読書による精神的弾力性の喪失、呼吸のように思索せよ

 蔵書数千冊だとか、年に数百冊の書物を読破するとか、読書家は知的感満点で絶対善とされるのが一般的だが、この常識を喝破するのは哲学者のショーペンハウアーであった。

 「読書とは他人にものを考えてもらうことである。1日を多読に費やす勤勉な人間はしだいに自分でものを考える力を失っていく」

 私自身もかつて多量の読書で自慢していたことがあった。とても恥ずかしい。読書は決して量で自慢するものではない。所詮他人から知識をいただくものに過ぎないからである。考え抜いた知識から文脈を作り、そこから真理を見出すことこそが価値の源である。

 思索である。

 しかし、読書ができても、思索ができるとは限らない。「思索を呼吸のように自然に行うことができるほど天分に恵まされた頭脳」と、ショーペンハウアーはこう形容し、「思索向きの頭脳と読書向きの頭脳との間に大きな開きがある」と指摘する。

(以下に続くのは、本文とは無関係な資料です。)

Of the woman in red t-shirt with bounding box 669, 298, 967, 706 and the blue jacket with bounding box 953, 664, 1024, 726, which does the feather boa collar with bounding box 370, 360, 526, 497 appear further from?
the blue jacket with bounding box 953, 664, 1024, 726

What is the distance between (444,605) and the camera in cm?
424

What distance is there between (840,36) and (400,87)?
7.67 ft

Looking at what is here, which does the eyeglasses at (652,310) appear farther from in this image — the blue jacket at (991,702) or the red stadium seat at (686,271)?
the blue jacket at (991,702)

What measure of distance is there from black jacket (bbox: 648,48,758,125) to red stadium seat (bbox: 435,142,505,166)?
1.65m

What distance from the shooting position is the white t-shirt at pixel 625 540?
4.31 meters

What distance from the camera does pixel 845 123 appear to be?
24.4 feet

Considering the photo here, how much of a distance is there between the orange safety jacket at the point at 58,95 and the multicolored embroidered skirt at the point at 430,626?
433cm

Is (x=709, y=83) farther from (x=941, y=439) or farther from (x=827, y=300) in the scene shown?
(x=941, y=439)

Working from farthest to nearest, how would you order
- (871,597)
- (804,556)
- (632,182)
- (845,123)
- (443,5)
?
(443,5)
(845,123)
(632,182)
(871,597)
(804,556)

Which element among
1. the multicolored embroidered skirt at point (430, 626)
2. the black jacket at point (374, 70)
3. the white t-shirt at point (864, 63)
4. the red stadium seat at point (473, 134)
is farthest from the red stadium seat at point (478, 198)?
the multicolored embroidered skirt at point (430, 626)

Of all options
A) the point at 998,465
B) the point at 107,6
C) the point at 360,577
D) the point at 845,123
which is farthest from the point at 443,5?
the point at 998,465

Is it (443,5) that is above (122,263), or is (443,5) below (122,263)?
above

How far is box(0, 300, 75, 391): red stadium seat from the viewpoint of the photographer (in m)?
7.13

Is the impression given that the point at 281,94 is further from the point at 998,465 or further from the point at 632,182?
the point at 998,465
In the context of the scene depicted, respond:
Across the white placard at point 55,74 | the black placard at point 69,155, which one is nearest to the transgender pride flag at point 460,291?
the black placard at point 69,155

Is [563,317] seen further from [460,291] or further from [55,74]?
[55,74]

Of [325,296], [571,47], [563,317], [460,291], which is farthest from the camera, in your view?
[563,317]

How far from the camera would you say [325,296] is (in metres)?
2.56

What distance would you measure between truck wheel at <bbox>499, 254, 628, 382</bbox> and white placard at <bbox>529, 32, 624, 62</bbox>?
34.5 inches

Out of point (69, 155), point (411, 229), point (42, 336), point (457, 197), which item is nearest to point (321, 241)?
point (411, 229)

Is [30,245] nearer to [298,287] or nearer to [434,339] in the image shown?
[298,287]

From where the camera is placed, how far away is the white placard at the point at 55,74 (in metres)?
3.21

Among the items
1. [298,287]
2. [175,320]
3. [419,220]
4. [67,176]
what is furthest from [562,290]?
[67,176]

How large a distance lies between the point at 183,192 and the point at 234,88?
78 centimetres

 「多読は精神から弾力性をことごとく奪い去る」。耳が痛い。本当に耳が痛い。「学者とは書物を読破した人、思想家、天才とは人類の蒙をひらき、その前進を促す者で、世界という書物を直接読破した人のことである」

 世界という書物を読破するには、自分がしっかりした思想を持つ以外方法は皆無だ。「我々が真の意味で十分に理解するのも自分の思想だけだからである。書物から読みとった他人の思想は、他人の食べ残し、他人の脱ぎ捨てた古着にすぎない」

 われわれ現代人は多忙な仕事や日常生活から時間を捻出して読書する。さらにその読書の時間から思索の時間を捻出しなければならない。思索とは何か。その原点は懐疑に基づく問いかけにほかならない。